Wednesday, January 11, 2012
I miss his dimples, the brightness of his eyes. I miss his funny little laugh. I miss seeing him climb into his little arm chair to watch a movie. I miss chasing him around the living room. I miss holding him close and dancing with him. I miss taking him to the park and exploring our yard. I miss seeing his eyes light up when he saw other children, or animals. I miss him handing his blanket to me each morning before I pulled him out of his crib. I miss Jordan's joy in holding his little boy. It is all too much to miss. Today life seems so unfair. The grief and longing is too much sometimes.
Today I feel like I'm treading water. Waiting to drown or to be rescued. I continuously kick to keep my head above water, and at the same time try to conserve my energy, because I don't know how long I will have to tread. My grief feels as endless and lonely as a vast ocean.
Most days I can look for a silver lining. I can find things to be grateful for. But some days, days like today, I hate the impulse to try to find joy in such pain. There is no way around the pain, no sugarcoating it. I am left with the constant jolting realization that I have experienced something so traumatic. It can only be felt. I can only go through it.
I share this with you because I don't want grief to seem easy. A friend told me a few weeks after Jonah died that I was making grief look good. I understood that she was trying to compliment me for handling the situation well. I appreciated her kindness. But grief is a horrible messy business. The compliment would not have been given today. A day when I quickly left the house, unshowered, with crinkly bed head hair, no makeup, rosy puffy cheeked from crying, seeking the comforting arms of my mother. Even when my outward appearance is pleasant, the grief is still messy inside me.

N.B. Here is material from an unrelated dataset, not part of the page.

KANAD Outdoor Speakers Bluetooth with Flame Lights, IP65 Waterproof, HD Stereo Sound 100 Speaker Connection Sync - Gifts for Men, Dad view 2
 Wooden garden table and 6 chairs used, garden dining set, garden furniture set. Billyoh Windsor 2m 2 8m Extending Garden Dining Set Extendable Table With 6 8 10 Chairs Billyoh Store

I don't ever want to make you think that losing a child is easy or manageable. That would be a lie.
I'm sorry there is no hope in this blog post. I don't want to give the impression that I am hopeless or desperate. I am neither. But, today all I can do is tell you how much I hurt, and how much I miss Jonah. Maybe tomorrow I can return to finding perspective and truth and beauty amidst the heartache. But today I will just miss my boy and continue to do just enough to keep my head above water.